Although the homocysteine level may be a general gauge of deviation from methoxistasis, it is not in itself a sufficient assessment. As shown in Figure 3, deviations from methoxistasis may take the form of oxidant stress/hypomethylation, oxidant stress/hypermethylation, reductive stress/hypomethylation, and reductive stress/hypermethylation. This may depend on genetic and environmental factors such as the MTHFR polymorphism, age, sex, intake of alcohol, malnutrition, sulfur-containing aminoacid intake, etc. Hence, an abnormal plasma homocysteine level only uncovers an underlying disturbance of methoxistasis that needs to be further characterized. It follows that lowering the plasma homocysteine level utilizing folate and other B vitamins without understanding the disturbance in methoxistasis may not be effective and may indeed be harmful as shown by clinical trials. For example, folate supplementation could increase methionine and SAM levels and, thereby, methylation, while the combination of folate, vitamin B12, and vitamin B6 could promote both increased methylation as well as increased transsulfuration and possible reductive stress. Hence, the approach to an elevated plasma homocysteine level may be determined by analyzing the underlying abnormalities in redox status and methylation and utilizing B vitamins, anti-oxidants, or micronutrients, such as selenium, singly or in combination to restore methoxistasis.

9. Conclusions

The data presented above, while clearly demonstrating a relationship of an elevated plasma homocysteine level to cardiovascular disease, fail to show any benefit of unselected folate and B-vitamin supplementation. Rather than conclude that the association of hyperhomocysteinemia is not causal, we would like to propose that the plasma homocysteine level is a marker of perturbation of methoxistasis. Instead of focusing on lowering the homocysteine level, further pre-clinical and clinical research should concentrate on understanding the disturbance of redox-methylation balance seen in hyperhomocysteinemic states and on approaches to restoring methoxistasis.

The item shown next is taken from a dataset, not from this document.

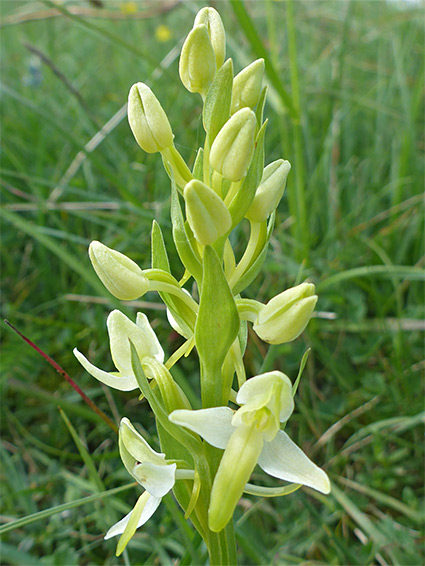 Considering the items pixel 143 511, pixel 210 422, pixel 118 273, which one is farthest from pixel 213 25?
pixel 143 511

Based on such investigations, clinical strategies to mitigate cardiovascular risk could be developed. In addition to atherothrombotic cardiovascular disease, heart failure is also an attractive target for nutritional strategies to restore methoxistasis. With the rapid advances in -omics technologies, restoring methoxistasis by personalized medicine strategies may be an option in the future of cardiovascular prevention and therapeutics.